Yesterday, House Democrats called for a briefing from the Justice Department on Acosta’s role in a 2008 case involving sex trafficking charges against Epstein. Democratic members of Congress and presidential candidates also called on Acosta to resign. House Speaker Nancy Pelosi took to Twitter, writing that “@SecretaryAcosta must step down. As US Attorney, he engaged in an unconscionable agreement w/ Jeffrey Epstein kept secret from courageous, young victims preventing them from seeking justice.”
Epstein was arrested July 6 on a charge of conspiracy to engage in sex trafficking of minors and on one count of sex trafficking of minors. When federal agents searched Manhattan home, they discovered numerous lewd photographs of young women. Prosecutors noted that “thousands of sexually suggestive pictures of young women and girls seized in his Manhattan home demonstrate the predatory attitude that Mr. Epstein continues to have towards young women.”

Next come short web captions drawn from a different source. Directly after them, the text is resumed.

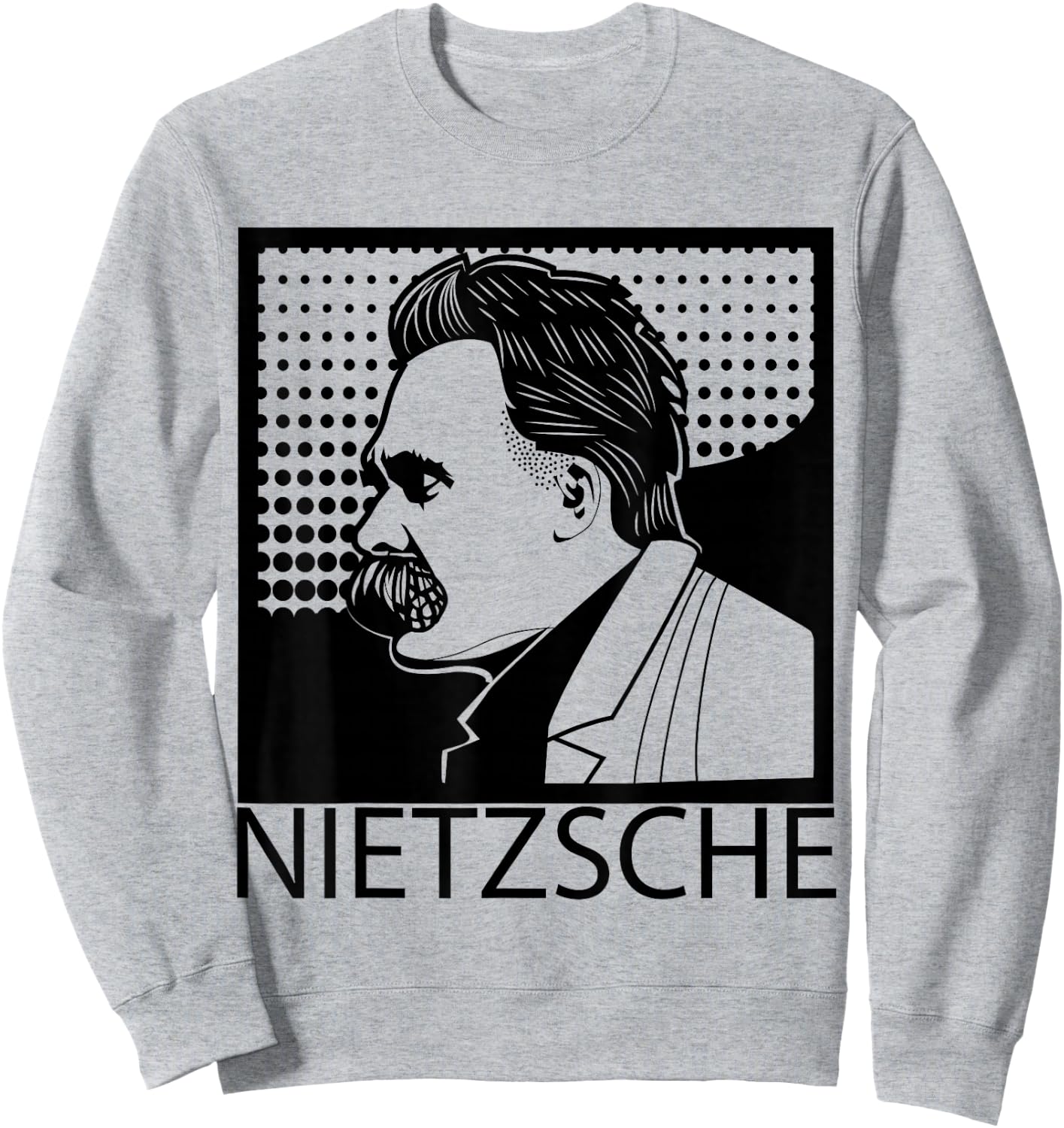 Friedrich Nietzsche Philosopher Philosophy Sweatshirt - Sweatshirt | Ash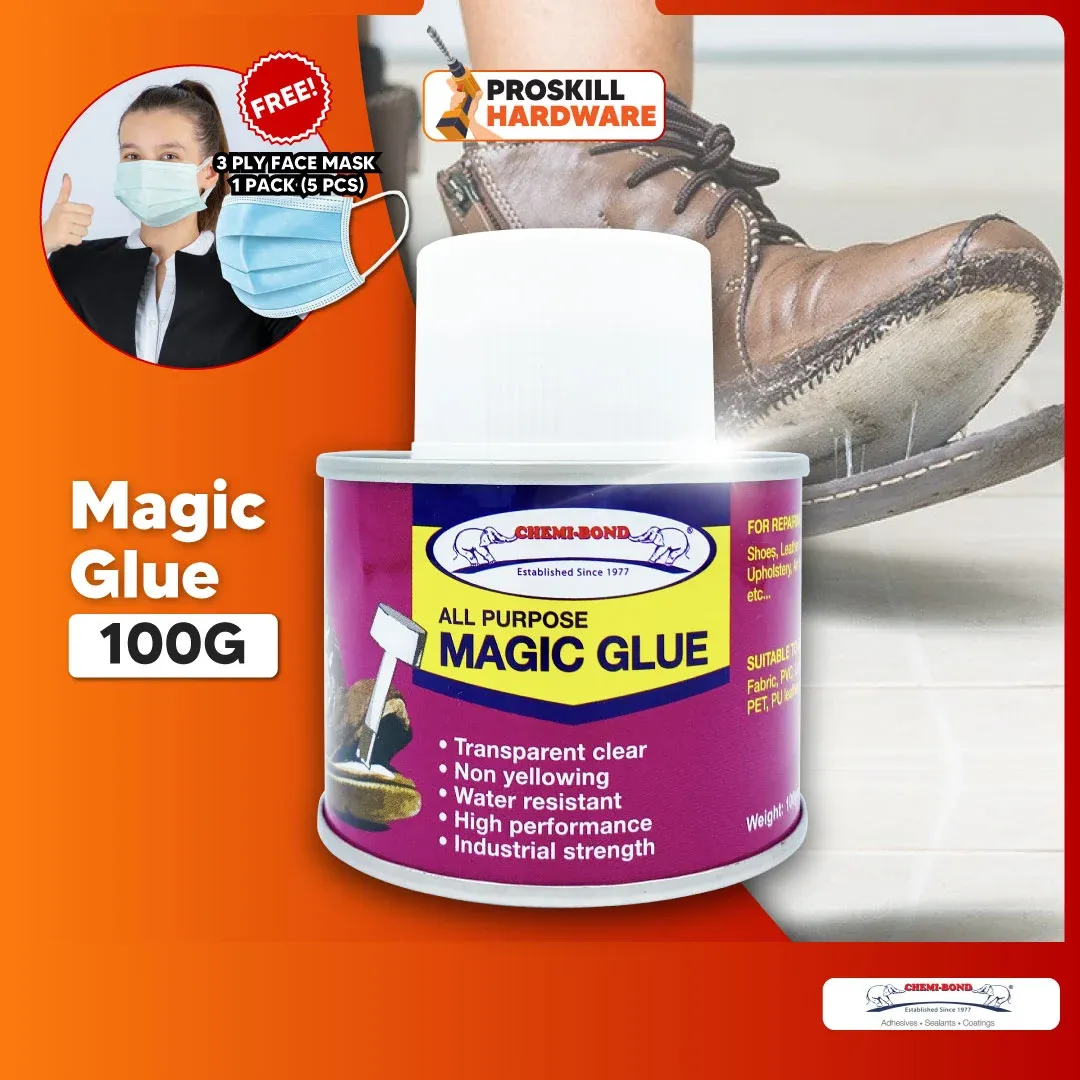 PROSKILL HARDWARE Magic Glue Chemibond Multipurpose Shoe Repair Glue Sneakers Glue / Gam Kasut Gam Kayu Gam PVC
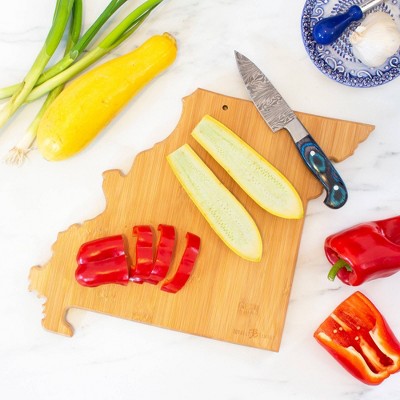 Missouri State Shaped Bamboo Cutting and Serving Board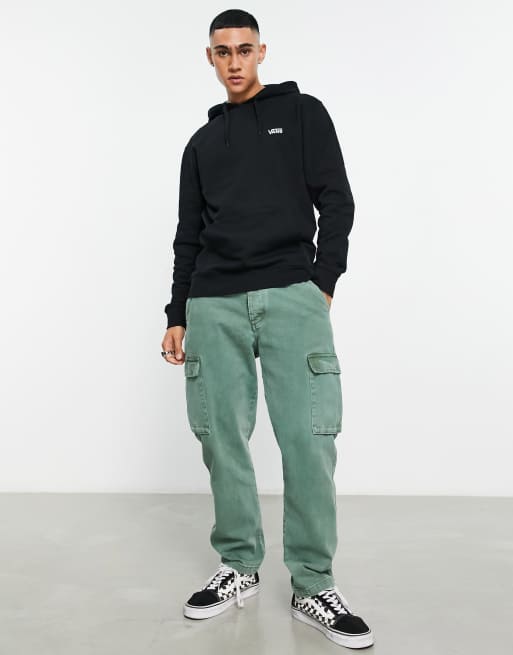 Champion Sherpa Sweatpants XL Fleece Pull On Cargo Sweats Embroidered Black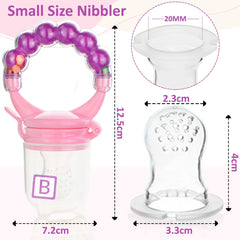 Baby Feeding Fruit Nibbler for Baby (Purple)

Epstein’s July arrest has drawn attention to his past criminal history. In 2008, he was accused of sex trafficking young women in his Palm Beach home as well as in Manhattan and the Caribbean. Despite these horrendous accusations, Epstein plead guilty to two charges of soliciting prostitutes, for which he served 13 months in county jail and registered as a sex offender. His sex trafficking charges, which Epstein would have had to serve life imprisonment for, were dropped by Acosta, who at the time was the US Attorney for the Southern District of Florida. The plea deal that Acosta offered Epstein was incredibly lenient: the FBI investigation into the sex trafficking charges was called to an end and Epstein’s accomplices in the crimes were granted immunity. To ensure that the victims of Epstein’s crimes would not attempt to challenge the non-prosecution agreement, Acosta also helped conceal the deal from victims.